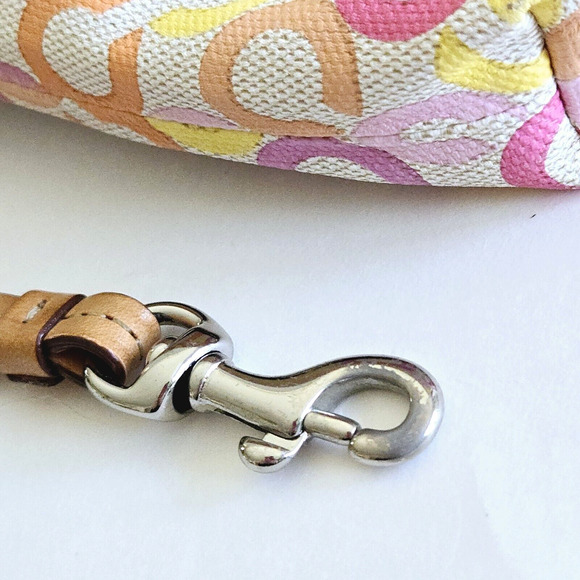 Coach Wristlet Pink Op Art Signature Zip Clutch Vachetta Leather Trim Retro Y2K - Picture 7 of 12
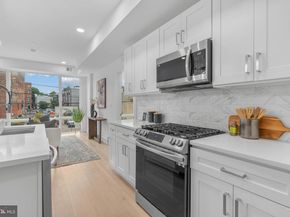 950 N 2nd Street 2, Philadelphia PA 19123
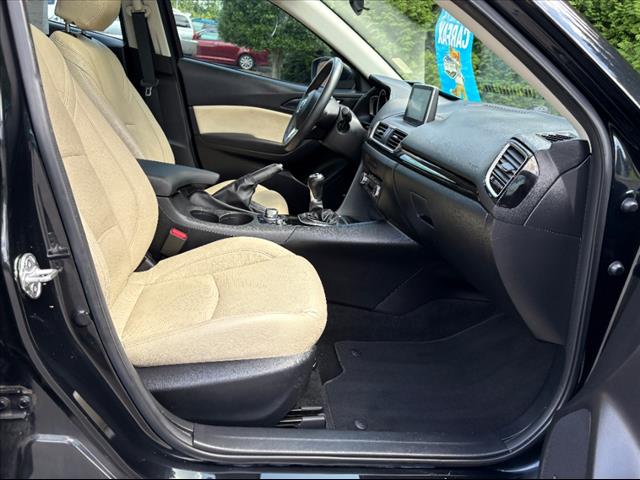 2015 Mazda Mazda3 i Touring
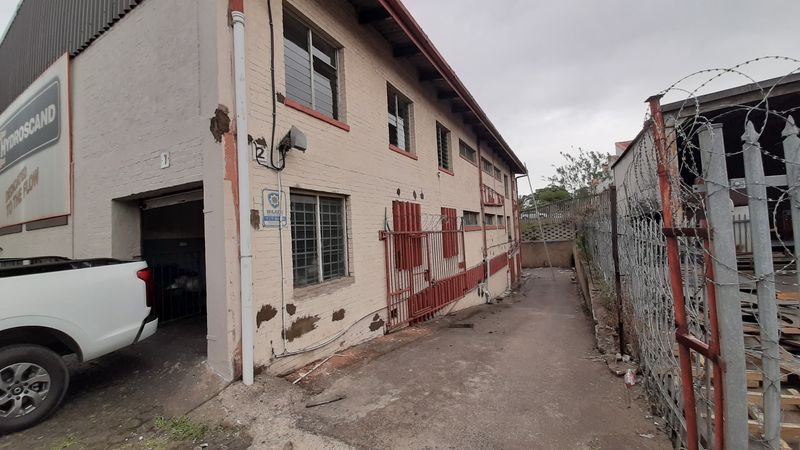 Secured 416sqm Warehouse Available in Pinetown Central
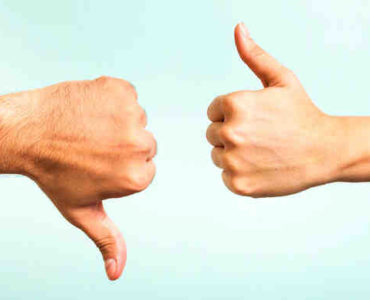 خذلان الأصدقاء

========================

Where a picture appears, skip it and copy the rest of the data word for word.

- **Task output**
 Coach Wristlet Pink Op Art Signature Zip Clutch Vachetta Leather Trim Retro Y2K - Picture 7 of 12
 950 N 2nd Street 2, Philadelphia PA 19123
 2015 Mazda Mazda3 i Touring
 Secured 416sqm Warehouse Available in Pinetown Central
 خذلان الأصدقاء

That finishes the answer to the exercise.